Read Heir of the Dog Black Dog Online

Authors: Hailey Edwards

Tags: #paranormal, #Fantasy & Futuristic, #urban fantasy romance, #Paranormal Romance, #urban fantasy, #Dark Fantasy

Heir of the Dog Black Dog (7 page)

Pinpoints of blood welled from the bite mark on my ankle, there and gone, but the pain lingered.

Shaw had taken the hint and stood waiting for me by the door. I walked gingerly to him, keeping an eye on Mai and her pointy teeth. She sank to her haunches with her ears pinned flush to her skull, growling.

I leaned my shoulder against the wall since the room kept shimmying. “How are you feeling?”

His fingers traced the curve of my cheek. “I should be asking you that.”

I gave him what I hoped was a pointed look.

His hand fell to his side. “Better.”

“Good.” I shrugged off the tingles from his caress. “I’m glad.”

The awkward kiss he pressed to my temple sent pleasant heat twisting through my chest.

“Night,” he murmured, lips brushing my ear.

He stepped into the hall, his gait loose and easy as the tension of the day melted away from him.

“Night,” I said to his retreating back. “Tomorrow we block out some time to work on our case, okay?”

A cold nose butted my ankle. Mai stared after Shaw through golden eyes until he stepped on the elevator, before trotting off toward my bedroom. I shut and locked the door then trudged after her.

Nothing had ever felt as good as my head hitting that pillow.

Chapter Twelve

I threw out my arm and knocked an empty water bottle off the nightstand while groping for my cellphone. A push of a button made the display flash and temporarily blinded me, but not before I saw it was three in the afternoon.

Bump. Bump. Bump.

My gaze speared the ceiling. Not again. Another round of knocks and bangs curled my lip. It wasn’t the new neighbor’s fault I worked nights or that I slept through primetime moving hours. But I was tired and stressed, and we had to coexist for the next year at least, so this had to stop. Now. Today.

Snuffling sounds reminded me for once I wasn’t alone in bed. I cracked a grin at the sight of Mai curled up at my feet, in human form, snoring, undisturbed by the racket overhead. Holding her fox shape exhausted her. Once she fell asleep, she often reverted to two legs.

Sliding out of bed, careful not to jostle Mai, I tiptoed into the living room. I gripped the doorknob, forcing my sleep-addled mind to consider for a moment what I was about to do might stir up more trouble than it was worth.

Moment over
.

Wearing a sleep-rumpled Pooh Bear shirt and matching shorts, sporting wildebeest hair and shielding the new neighbors from my morning breath—afternoon breath?—with my hand wouldn’t make the best impression, but I was past caring how I looked. Or smelled.

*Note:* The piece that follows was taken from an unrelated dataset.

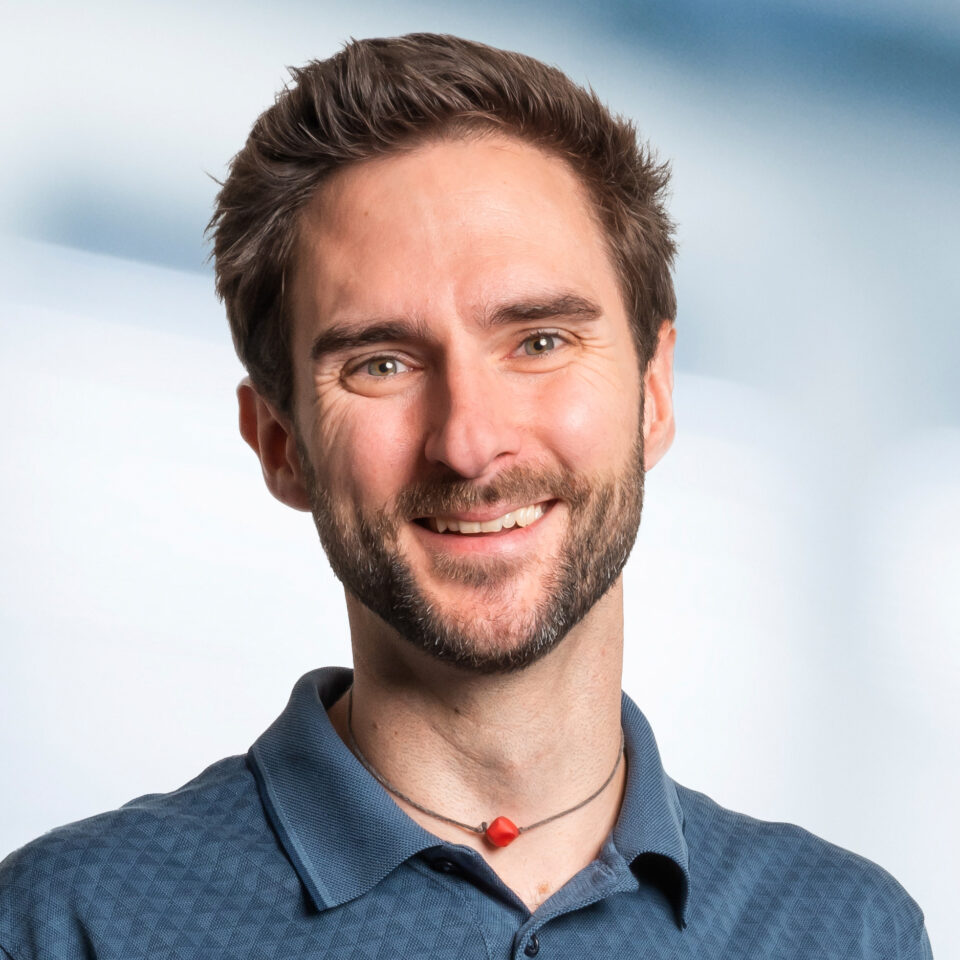 Das Bild zeigt ein freundlich lächelndes Porträt einer Person mit kurzem braunen Haar und gepflegtem Bart. Die Person trägt ein blaues Polohemd sowie eine Kette mit einem kleinen roten Anhänger. Der Hintergrund ist hell und neutral gehalten, wodurch das Gesicht klar im Fokus steht.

The elevator ride up to the third floor gave me even more time to reflect on the possible rashness of my impending confrontation.
Nope
. Still doing it. I had to beg a reprieve. A few hours, a little shuteye, then they could bumpty bump around all they wanted.

Each floor recycled the same numbers, so I walked a straight line to the apartment matching mine. My hand lifted as the door swung open, and instead of wishing him a good afternoon, I almost swallowed my tongue.

A man stood in the doorway. Fae by his scent. By his looks too. No one that gorgeous had an ounce of human blood in them. He was tall. I was five ten and had a view of his chin. Following the curve of his jaw, I slid my gaze across his high cheekbones to meet his eyes. They were black with silver rims around his irises. Infinite. I stared at him, and cold, heartless eternity stared back. I jerked my gaze away. Had to. Before it consumed me.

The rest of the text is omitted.